Mentre il giorno moriva, la bufera sembrava farsi più violenta. Sul versante della montagna sopra la strada, il vento sibilava fra gli enormi pini e i rami frusciavano con rumore sinistro, come se una creatura gigante dai mille piedi stesse scendendo precipitosamente giù dal pendio. I fiocchi di neve erano diventati piccoli pezzetti di ghiaccio che sembravano voler raschiare il mondo, levigandolo come la cartavetrata leviga il legno, finché alla fine non ci sarebbero più state cime e vallate, nulla, tranne una monotona pianura che si perdeva all’infinito.
Stefan premette il pulsante giallo tre volte in rapida successione, accendendo i segnali luminosi. Con rammarico e paura rientrò nel suo tempo.
Stringendo a sé Chris, ora più calmo, Laura si sedette per terra accanto alla jeep e guardò il suo Custode allontanarsi nella neve.
Si fermò in mezzo alla strada e per un lungo momento rimase lì, immobile. Poi avvenne un fatto incredibile. Dapprima l’aria si fece pesante, carica di una strana pressione, qualcosa che non aveva mai avvertito prima, come se l’atmosfera della terra si stesse condensando in qualche cataclisma cosmico, e improvvisamente le riuscì difficile respirare. Nell’aria si diffuse un odore singolare ma familiare e dopo qualche secondo si rese conto che era un odore di cavi elettrici incandescenti e di guarnizioni bruciacchiate, simile a quello che aveva sentito in cucina quando la spina del tostapane era andata in cortocircuito qualche settimana prima; quel puzzo venne coperto dall’odore pungente ma non sgradevole dell’ozono, quello stesso odore che riempiva l’aria durante un violento temporale.

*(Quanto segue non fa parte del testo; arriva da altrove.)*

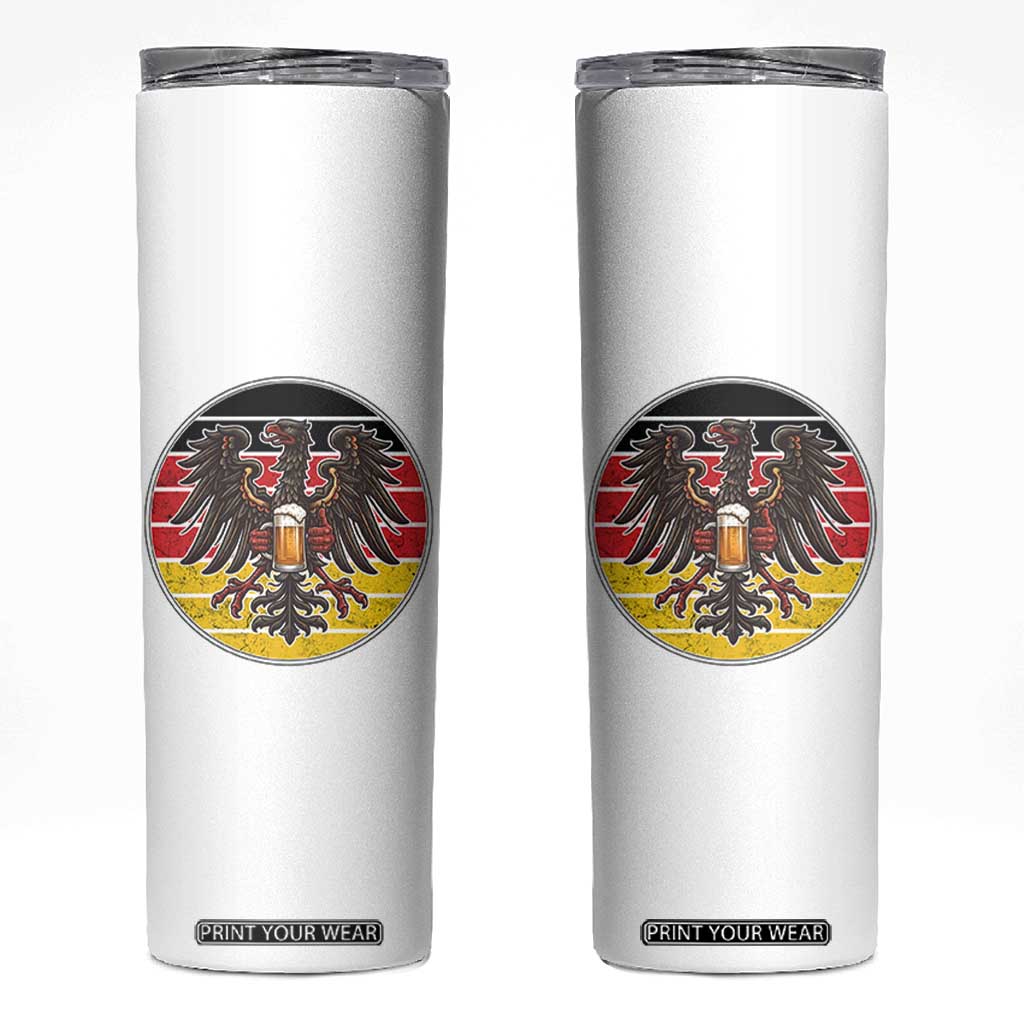 German Eagle Beer Lover Skinny Tumbler Vintage Bavarian Oktoberfest Beer TS12 White Print Your Wear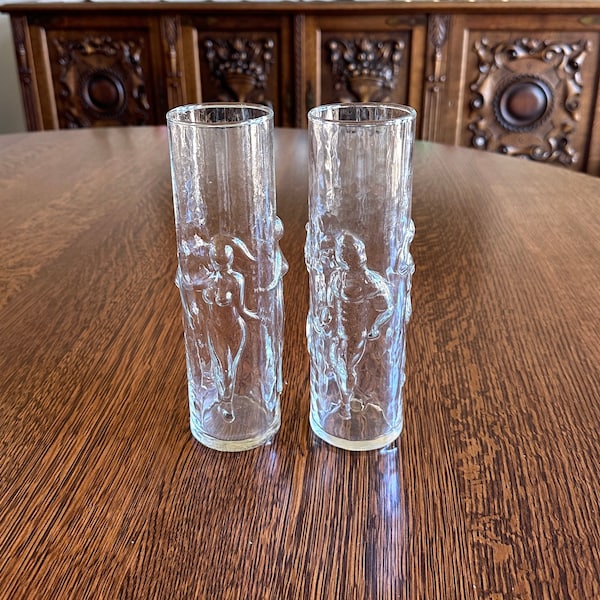 Pair of Tiki Zombie Glasses by Libbey (1 Female, 1 Male Silhouette), 1970s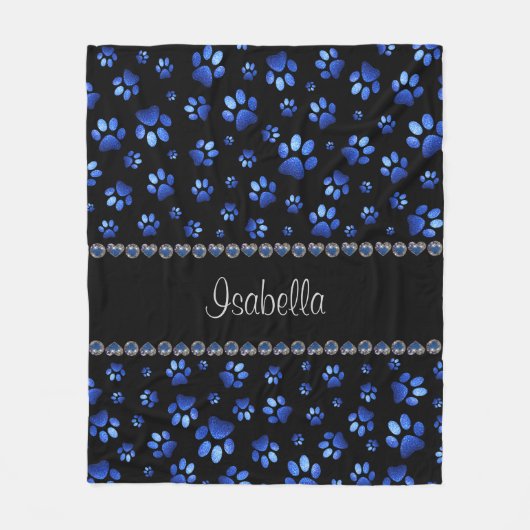 Individuelle Name, blaue Glitzer-Hundpaare Fleecedecke (Vorderseite)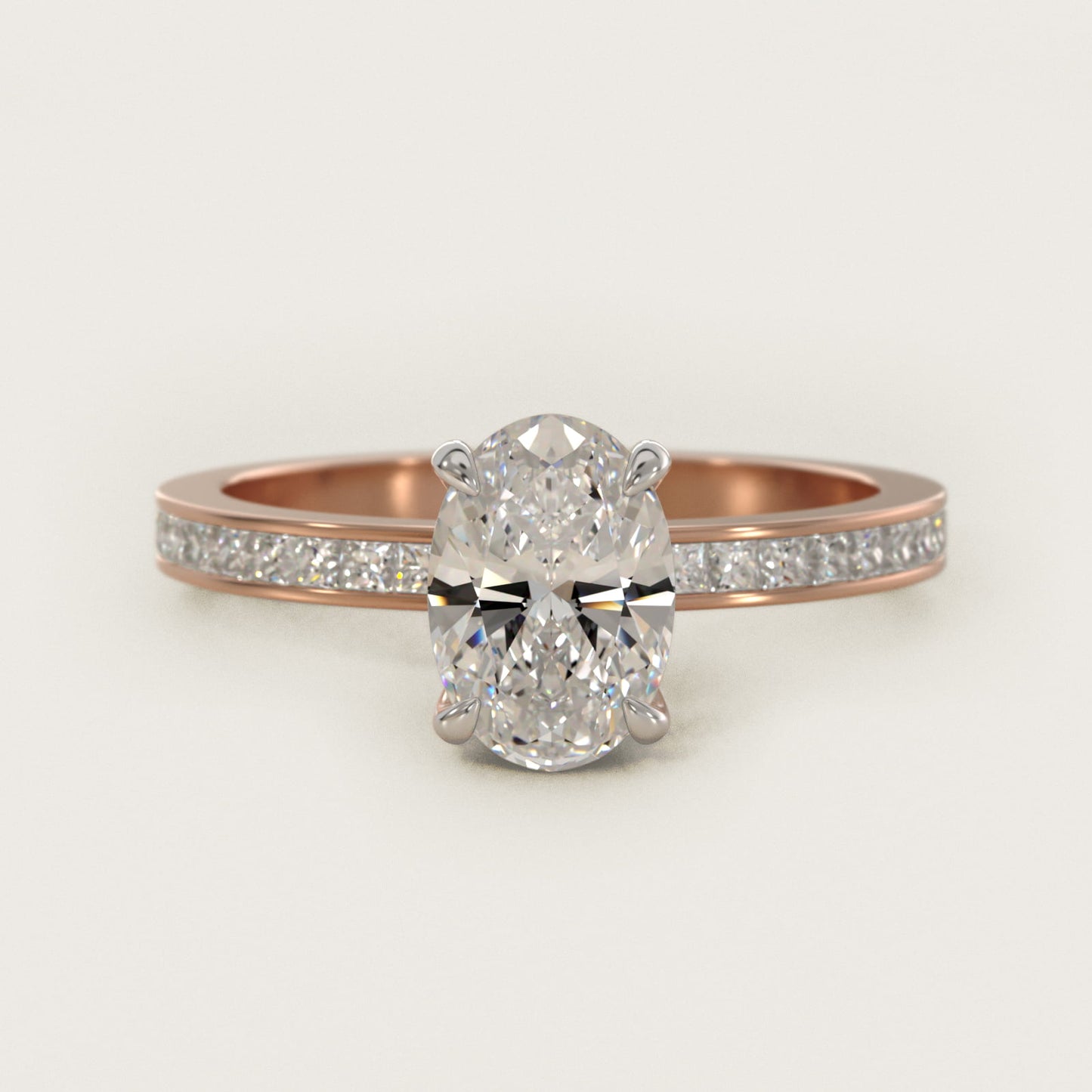 Engagement Ring With Channel Set Princess Cut Diamonds In 18k Rose Gold By James Allen - Oval Center
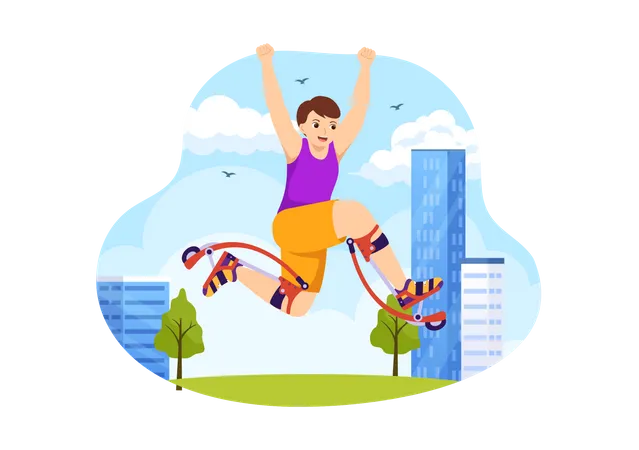 Man jumping using jumping stilts Illustration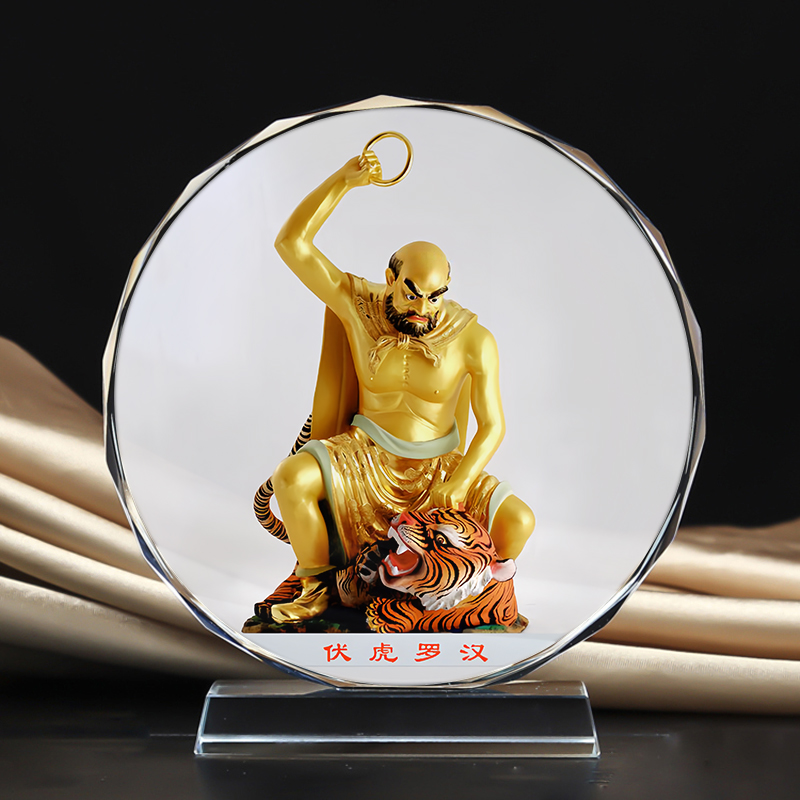 结缘伏虎罗汉尊者佛画像水晶摆台家居工艺品风摆件创意礼品定制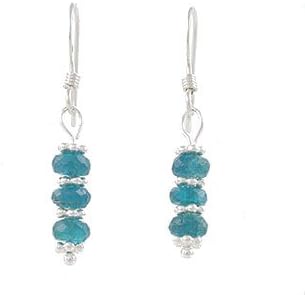 Delicate Apatite Gemstone Dangle Earrings with Sterling Silver Accent Beads, #8096
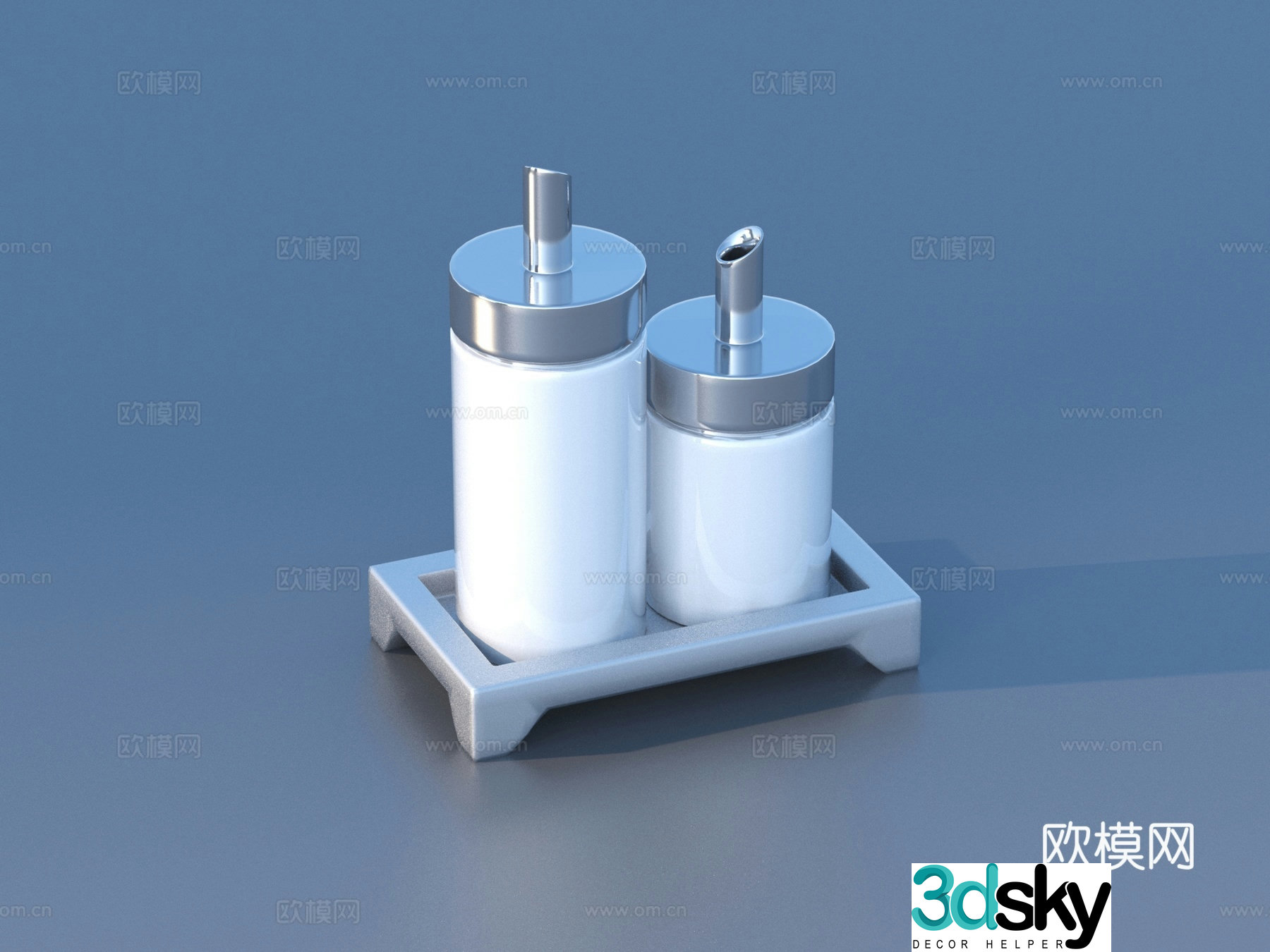 Kitchen accessories condiment bottle glass bottle 3d model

La pressione si fece più opprimente, finché non si sentì quasi schiacciare a terra e l’aria scintillò e s’increspò come se fosse acqua. Con un suono simile a un enorme tappo che salta dalla bottiglia, il suo Custode svanì dalla luce grigio purpurea del crepuscolo invernale e nello stesso istante si creò un vortice tremendo, come se una massa gigantesca d’aria stesse precipitando in quel punto per riempire un vuoto. Per un istante si sentì veramente intrappolata in un baratro, incapace di respirare. Poi la pressione svanì e nell’aria si sentì solo il profumo di neve e di pini, tutto era di nuovo normale.
Ma dopo quanto aveva visto, nulla poteva più essere normale per lei.
Calarono le tenebre. Senza Danny le parve la notte più nera della sua vita. Solo una luce rimaneva a illuminare la sua lotta verso una lontana speranza di felicità: Chris. Era l’ultima luce che brillava nella sua oscurità.
Più tardi, in cima alla collina apparve una macchina. I fari spezzavano le tenebre.
Si alzò a fatica e con Chris si mise in mezzo alla strada. Agitò le braccia in segno di aiuto.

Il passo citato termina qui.